- Assignment
Among the entries below, only the lines from the one with "Sachsenmodelle 14104/4 HO" through the one with "Louis Vuitton Monogram" are to be retyped, exactly and without pictures.

- Data provided
☆ ☆ ☆ ☆ ☆

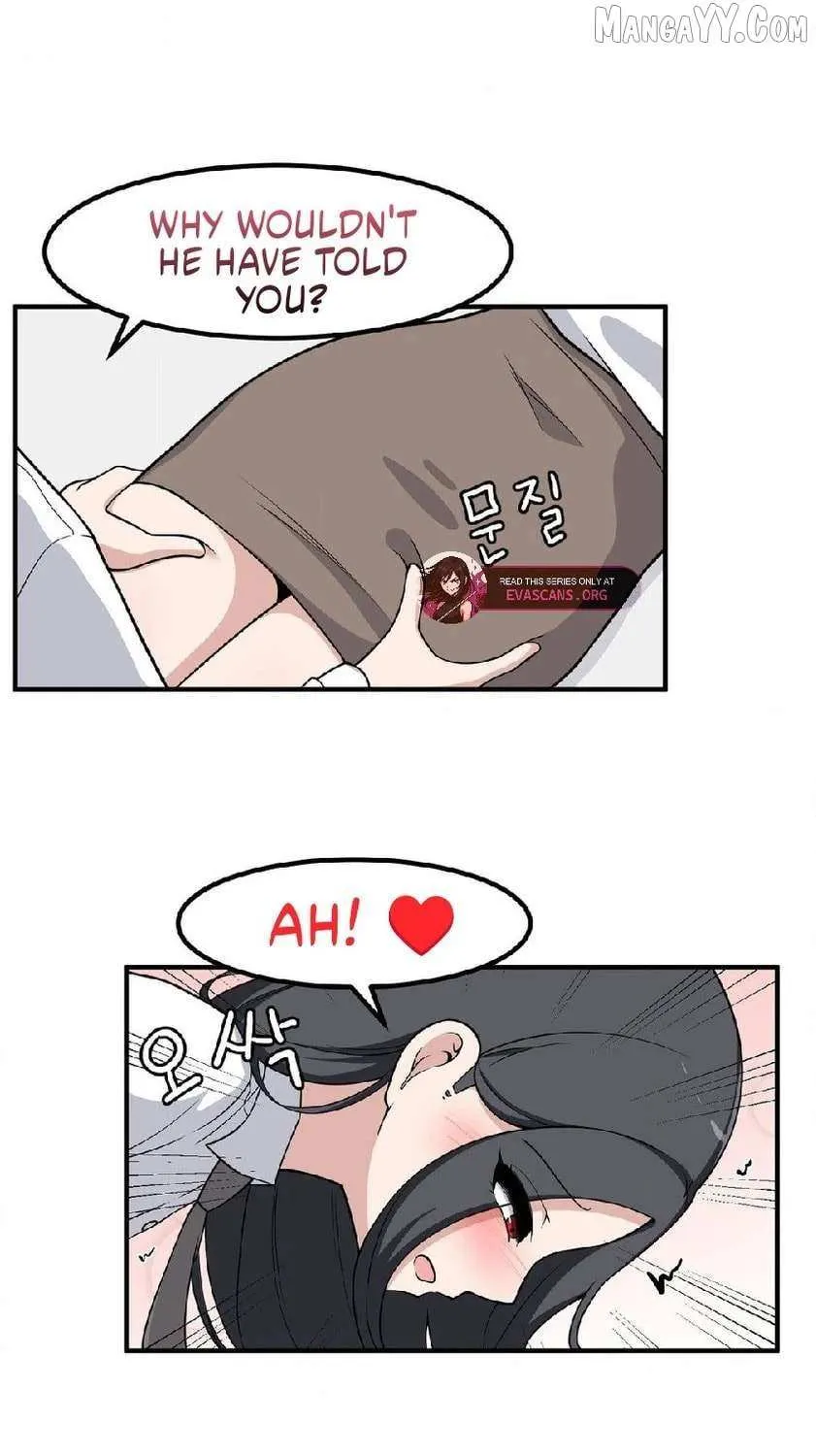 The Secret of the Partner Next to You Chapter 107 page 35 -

☆ ☆ ☆ ☆ ☆

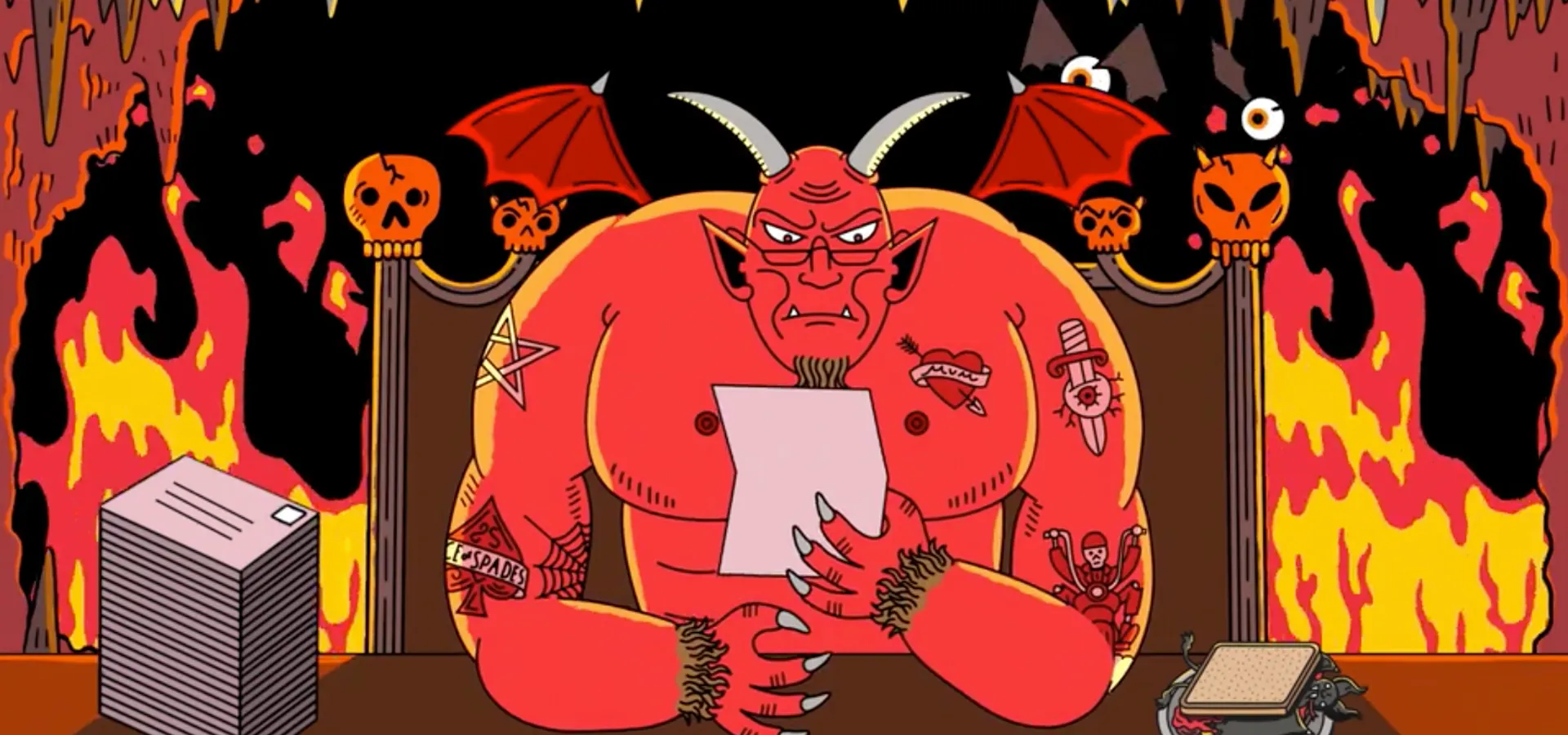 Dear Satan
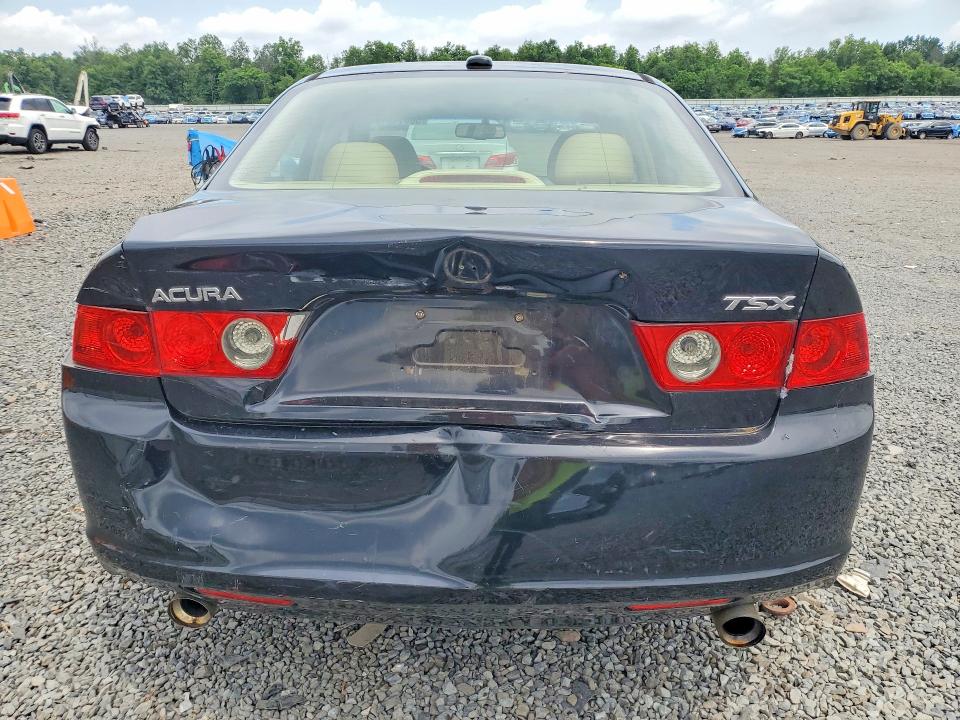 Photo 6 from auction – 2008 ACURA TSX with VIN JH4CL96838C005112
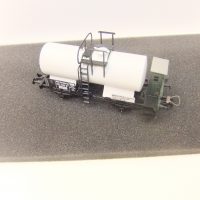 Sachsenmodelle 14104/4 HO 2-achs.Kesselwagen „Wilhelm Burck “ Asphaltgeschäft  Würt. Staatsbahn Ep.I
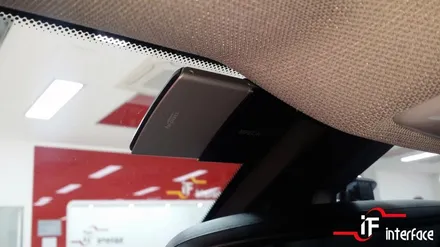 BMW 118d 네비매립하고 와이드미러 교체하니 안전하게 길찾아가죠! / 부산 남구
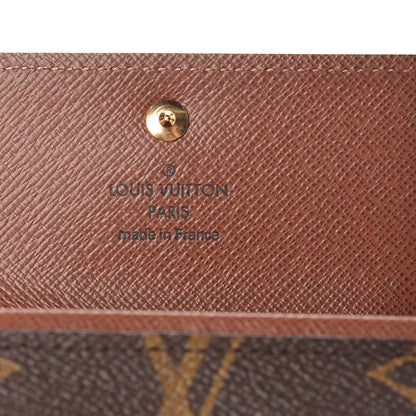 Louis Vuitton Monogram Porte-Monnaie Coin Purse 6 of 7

☆ ☆ ☆ ☆ ☆

- Solution to the problem
 Sachsenmodelle 14104/4 HO 2-achs.Kesselwagen „Wilhelm Burck “ Asphaltgeschäft  Würt. Staatsbahn Ep.I
 BMW 118d 네비매립하고 와이드미러 교체하니 안전하게 길찾아가죠! / 부산 남구
 Louis Vuitton Monogram Porte-Monnaie Coin Purse 6 of 7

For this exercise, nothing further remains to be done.